Thursday, March 16, 2017
I ask, because in courts it would have been quite easy to demonstrate that the banking sectors excessive exposures, to for instance AAA rated securities backed with mortgages to the subprime sector in the US, or in loans to a sovereign like Greece, those which caused the crisis, were the direct result of the risk weighted capital requirements for banks.
By strangely awarding lower risk weights to what was perceived as safe, which translated into lower capital requirements, the banks could leverage their equity with exposures to the “safe” many times more than with exposures to what was perceived as risky, like loans to SMEs.
As an example the risk weight for the AAAs was 20%, for sovereigns it hovered between 0 and 20% (Greece) and for SMEs 100%. That meant banks could leverage their equity 62.5 times with AAAs, unlimited to 62.5 times with sovereigns, but only 12.5 times with SMEs. That meant banks would earn much higher expected risk adjusted returns on equity on AAAs and sovereigns than on SMEs.
I mentioned above, “strangely awarding”, because any regulator who knows what he is doing, would have gone back to analyze what causes bank crisis. Doing so he would have discovered that excessive exposures to what were ex ante perceived as risky never ever occur, (ask Mark Twain). All crises result from either unexpected events (devaluations), criminal behavior (loans to affiliates) or excessive exposures to something ex ante perceived very safe but that ex post turned out to be very risky.
So if society had brought this in front of a court, how much would Basel Committee Ltd have been fined?
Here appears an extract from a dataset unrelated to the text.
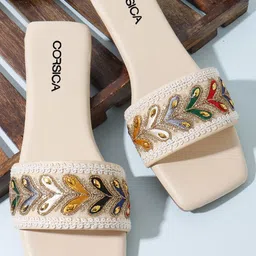 CORSICA Women Cream Synthetic Embellished Slip-On Ethnic Open Toe Flats-image-58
Clearly so much that it would have been out of business; so much more than what happened to Arthur Andersen when it was brought down for failing in its auditing of Enron.
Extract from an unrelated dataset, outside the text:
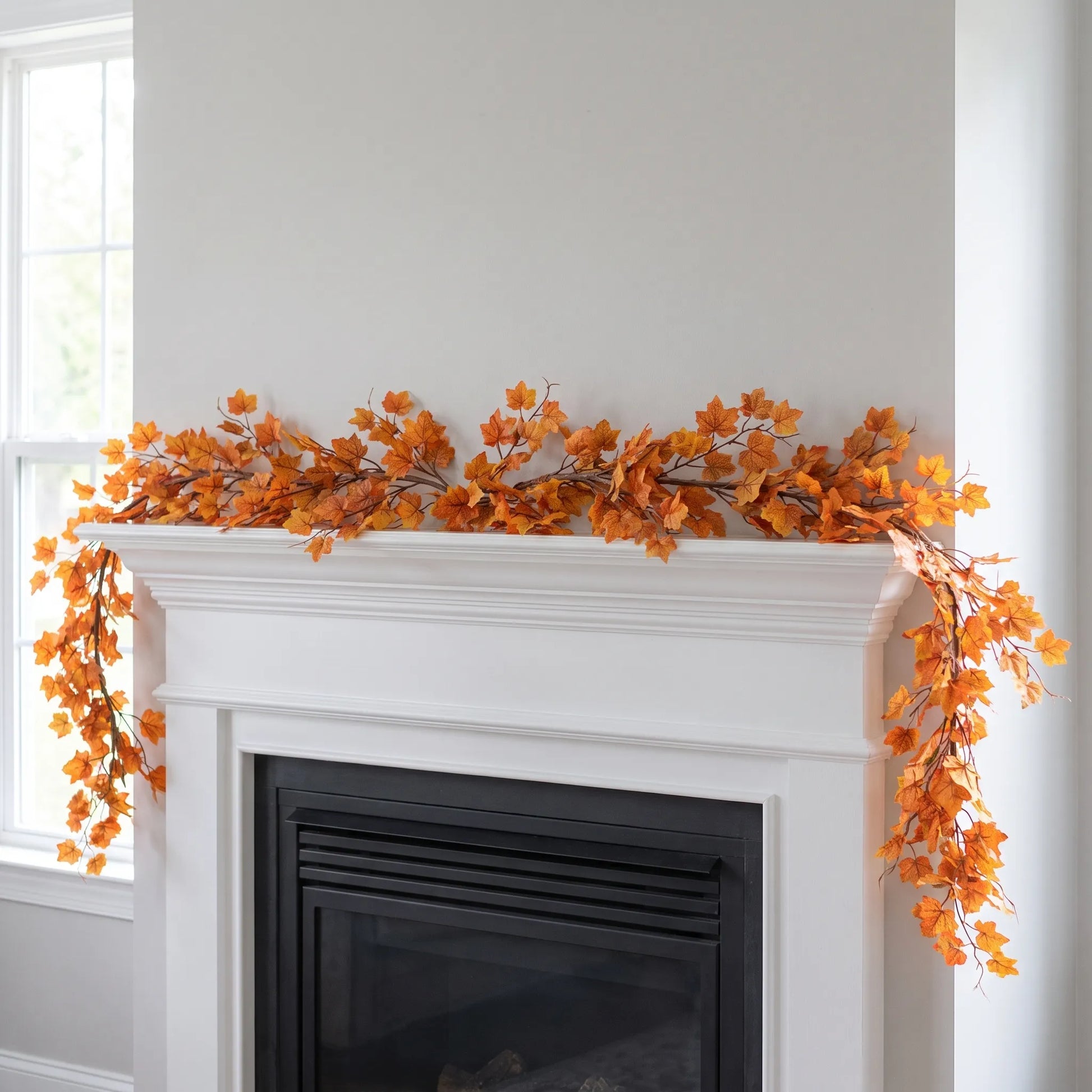 Artificial Maple Leaf Garland for Fall and Halloween Decor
And all that before all those “risky” SMEs, those who as a result of these regulations had their access to bank credit impaired, would have sued Basel Committee Ltd for the loss of their lifetime opportunities.
But what has happened to the regulators responsible for the Basel Committee for Banking Supervision? Nothing, zilch, zero, nada, in fact many of them have been promoted.
And anyone knows what has happened to those emission controllers that were cheated by Volkswagen? Nothing? Perhaps there is a real case for privatizing regulations and controls, that way we could at least have some accountability.
PS. In the case of the larger more “sophisticated” banks the Basel Committee even went as far as allowing these to use their own models to calculate capital requirements, something like allowing Volkswagen to calculate their own carbon emissions.